Many readers here might be familiar with the massacre in Hama, Syria, in 1982. Here's the background from Wikipedia:
At the time, the Middle East was in deep turmoil and Syria had been deeply involved in Lebanon's Civil War since 1976 and the beginning of the 1982 Lebanon War. Problems also arose from Turkey, which mobilized troops on its borders with Syria primarily to deal with Kurdish rebels and accused Syria of supporting and training the PKK rebels within Turkey. The Muslim Brotherhood took advantage of this situation to start defying Hafez al-Assad's rule. It undertook guerrilla activities in multiple cities within the country targeting officers, government officials and infrastructure. The anti-regime violence included the killings of eighty-three young military cadets at an artillery school in Aleppo in June 1979, and three car bomb attacks in Damascus between August and November 1980 that killed several hundred people. In July 1980, membership in the Muslim Brotherhood was made a capital offense punishable by death, with the ratification of Law No. 49. Throughout the early 1980s the Muslim Brotherhood staged a series of bomb attacks against the government and its officials, including a nearly successful attempt to assassinate president Hafiz al-Assad on June 26, 1980, during an official state reception for the president of Mali. When a machine gun salvo missed him, al-Assad ran to kick a hand grenade aside, and his bodyguard sacrificed himself to smother the explosion of another one. Surviving with only light injuries, al-Assad's revenge was swift and merciless: only hours later many hundreds of imprisoned Islamists were murdered in a massacre carried out by his brother Rifaat al-Assad in Tadmor Prison.
Calls for vengeance grew within the brotherhood, and bomb attacks increased in frequency. Events culminated with a general insurrection in the conservative Sunni town of Hama in February 1982. Islamists and other opposition activists proclaimed Hama a "liberated city" and urged Syria to rise up against the "infidel". Brotherhood fighters swept the city of Ba'thists, breaking into the homes of government employees and suspected supporters of the regime, killing about 50. The goal of the attack on Hama was to cease the rebellious activities of the Islamist Muslim Brotherhood. The assault began on February 2 with extensive shelling of the town of 350 000 inhabitants. Before the attack, the Syrian government called for the city's surrender and warned that anyone remaining in the city would be considered as a rebel. Robert Fisk in his book Pity the Nation described how civilians were fleeing Hama while tanks and troops were moving towards the city's outskirts to start the siege. He cites reports from fleeing civilians and soldiers of mass death and shortages of food and water.(Pity the Nation, pages 185-86)

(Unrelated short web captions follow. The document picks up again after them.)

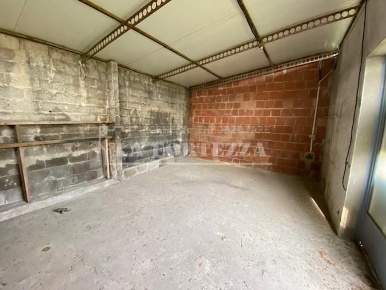 Foto Magazzino a Pisa Gagno - Passi di 50 m² con 2 locali in affitto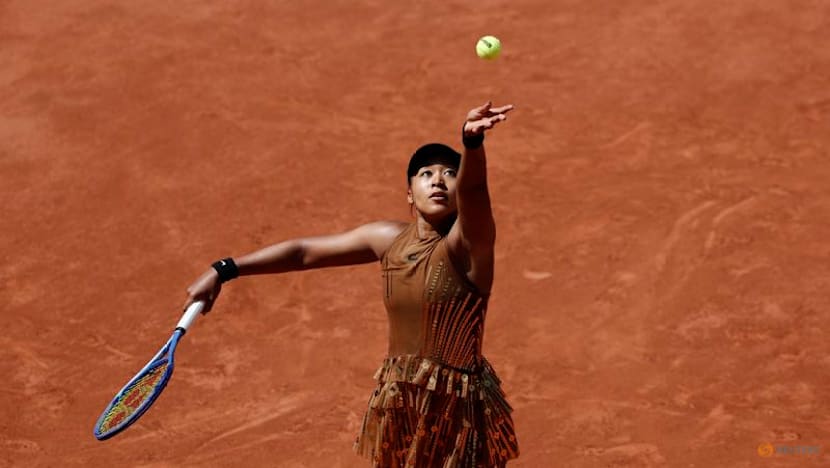 Style and steel as Osaka tames Vekic to reach Paris third round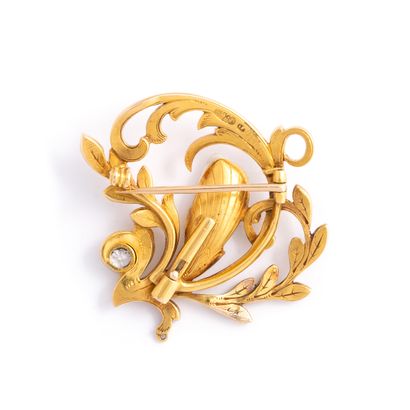 null Art Nouveau brooch in 14K yellow gold (56 zolotnik) holding a baroque pearl...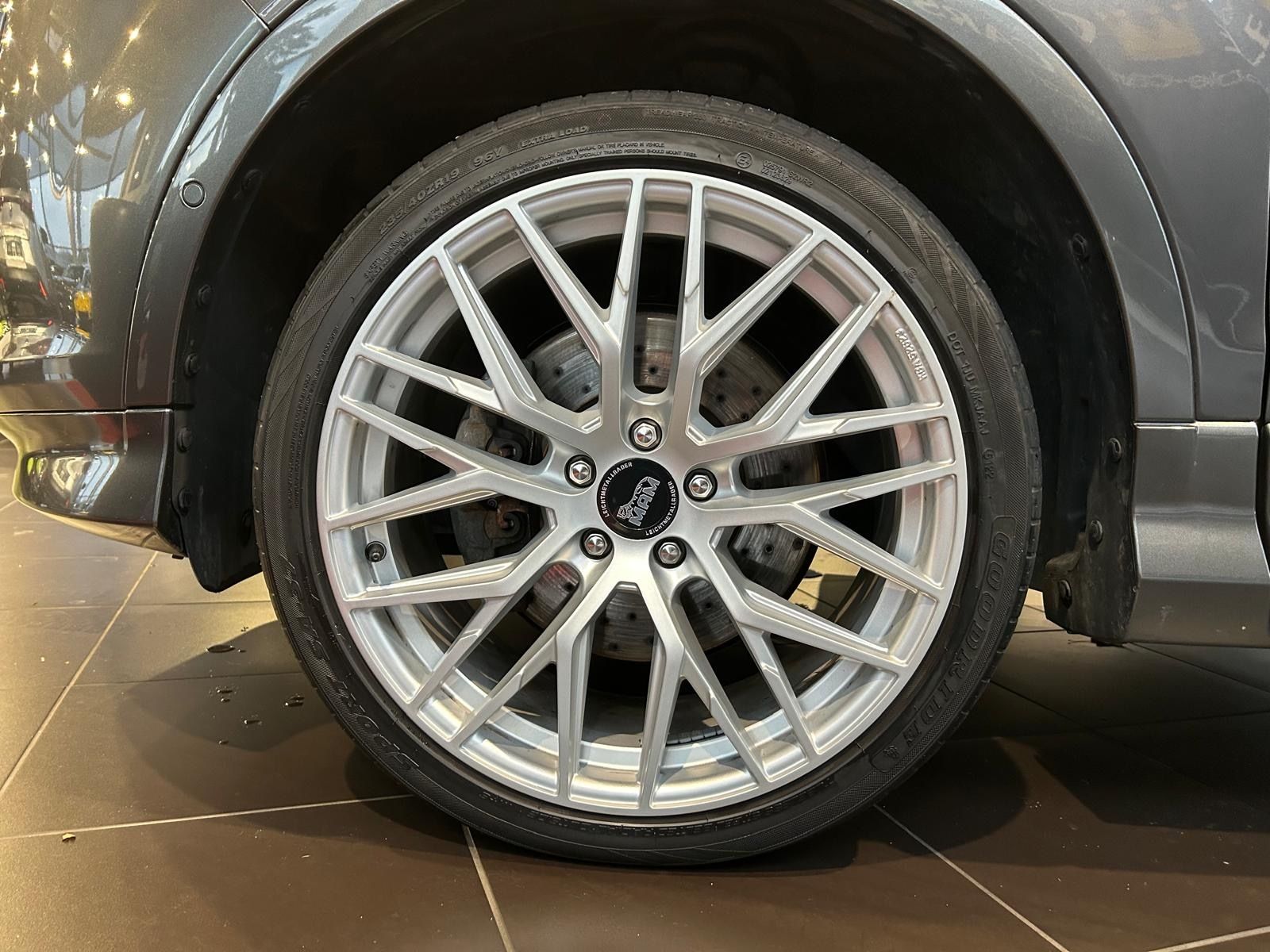 Fahrzeugabbildung Ford Kuga Individual 4x4 PANO AHK NAVI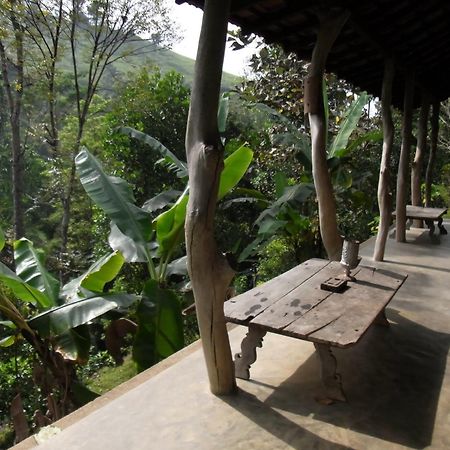 The Kandy Samadhicentre Narampanawa Bilik gambar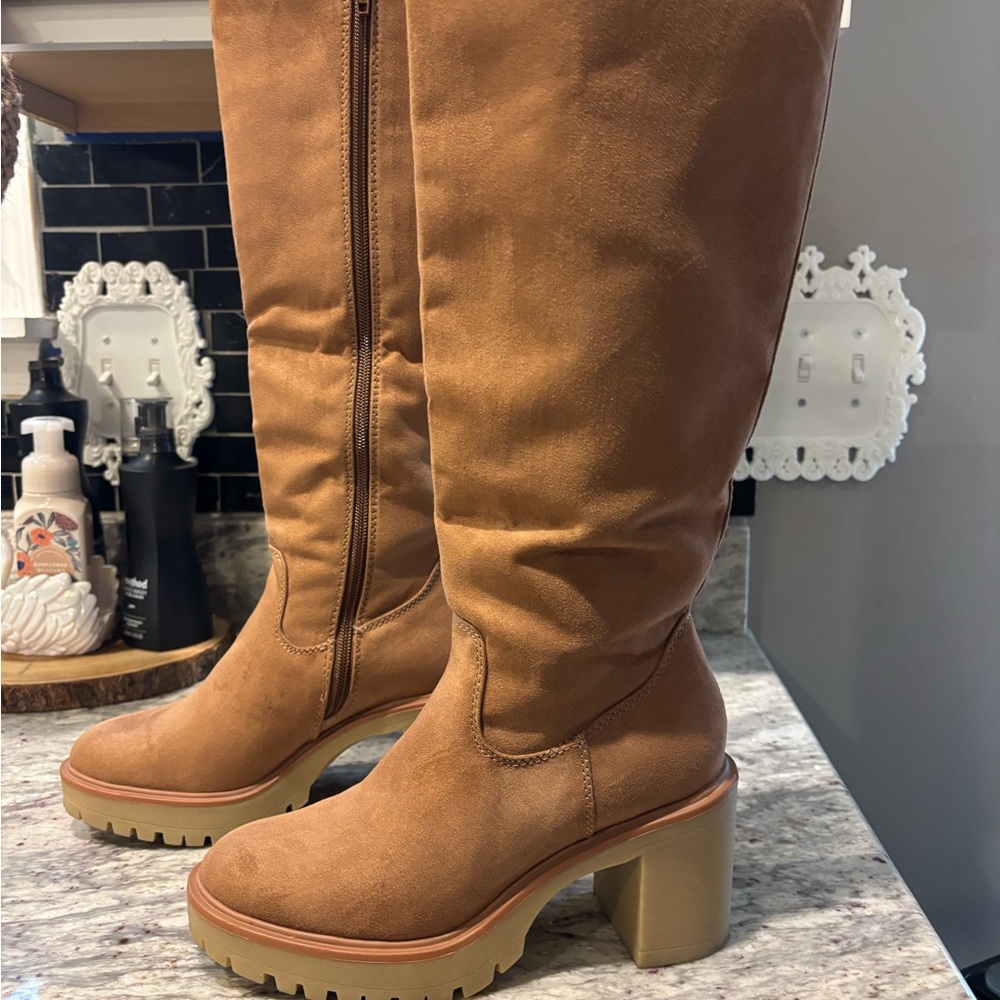Women’s Tan Chunky Heel Knee-High Boots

According to Amnesty International, the Syrian military bombed the old streets of the city from the air to facilitate the introduction of military forces and tanks through the narrow streets, where homes were crushed by tanks during the first four days of fighting. They also claim that the Syrian military pumped poison gas into buildings where insurgents were said to be hiding.

The army was mobilized, and Hafez again sent Rifaat's special forces and Mukhabarat agents to the city. After encountering fierce resistance, they used artillery to blast Hama into submission. After a two-week battle, the town was securely in government hands again. Then followed several weeks of torture and mass executions of suspected rebel sympathizers, killing many thousands, known as the Hama Massacre. Journalist Robert Fisk, who was in Hama shortly after the massacre, estimated at the time that 10,000 citizens were killed and later described the death count as as many as 20,000; (Pity the Nation, pages 186; [1]), but according to Thomas Friedman (From Beirut to Jerusalem, pages 76-105) Rifaat later boasted of killing 38,000 people. The Syrian Human Rights Committee estimates 30,000 to 40,000 were killed. Most of the old city was completely destroyed, including its palaces, mosques, ancient ruins and the famous Azzem Palace mansion. After the Hama uprising, the Islamist insurrection was broken, and the Brotherhood has since operated in exile. Government repression in Syria hardened considerably, as al-Assad had spent in Hama any goodwill he previously had left with the Sunni majority, and now was compelled to rely on pure force to stay in power.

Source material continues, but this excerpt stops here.